MoneyValuesPhilanthropyCollaborationWorkRelationshipsPresenceCommitmentAuthenticitySelf ReflectionMindfulnessBurnoutWork As A CallingCommitment Vs AttachmentClient Vs ConsortiumWork ValuesMindful WorkBurnout Prevention

Transcript

So I came back from an especially arduous trip from Africa.

It was one of those 36-hour ordeals where I had multiple layovers and delayed flights and I think it was a,

I think it was,

It felt like it was days until I got home.

And finally I got to JFK and I was so happy to just get to my destination,

Which was back to my apartment and to my bed.

And it was pre-Uber days and so I was taking a taxi and I was standing and there was one of those long,

Circuitous taxi lines.

And finally after what felt like an eternity,

I got to my taxi and I was just planning to kind of pour myself in.
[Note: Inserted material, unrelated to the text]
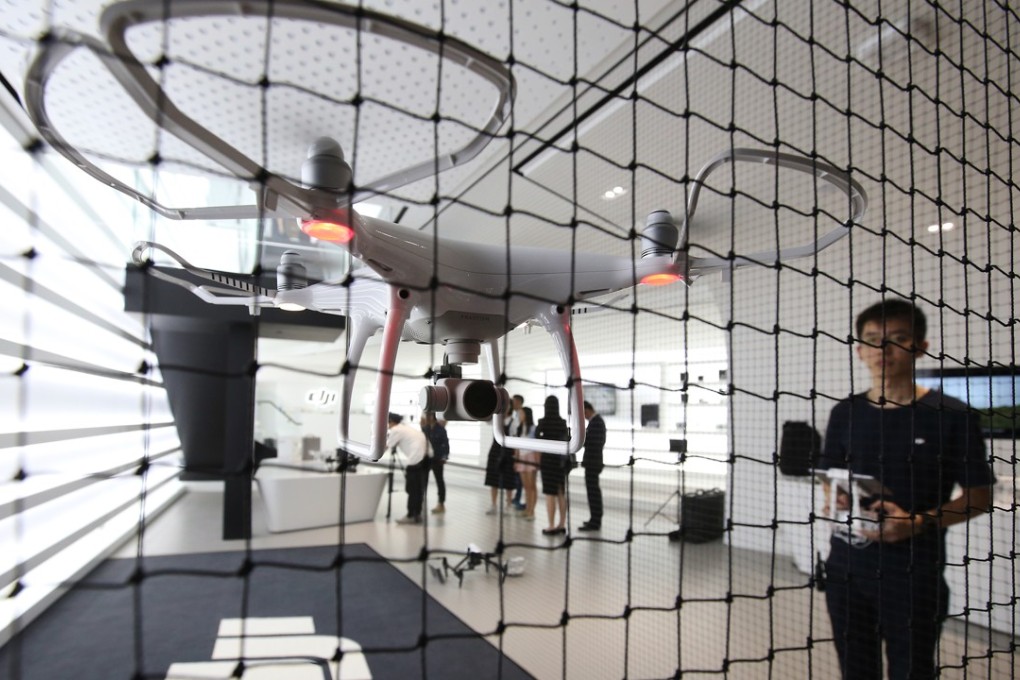 DJI, which dominates 70 per cent of the world’s drone market, admitted that its sales have fallen after tougher flight safety regulations were announced. Photo: Dickson Lee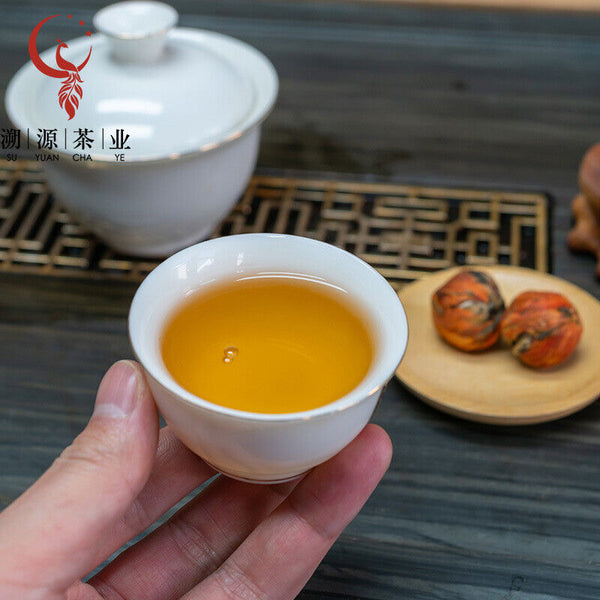 HelloYoung Yunnan Fengqing work black tea handmade dragon pearl small gold ball Dian Hong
And I opened the taxi door and something was strange about this taxi.

There are these beautiful,

I mean absolutely exquisite Persian carpets lining the floor of where the taxi driver had wanted my feet to be.

And there was this ethereal music playing.

It was sitar music.

I can still remember it to this moment.

And the taxi driver had a long white beard and a turban.

And instead of looking in his rearview mirror,

As taxi drivers do,

And asking me,

You know,

Where can I take you,

He turned around and he looked at me and he said,

Where are you going?

And I said,

And I felt my shoulders sort of relax and I said,

I'm going home.

And he looked at me and said,

I will drive you as carefully as I would drive my own daughter.

And that moment,

And well of course I've never seen that taxi driver again.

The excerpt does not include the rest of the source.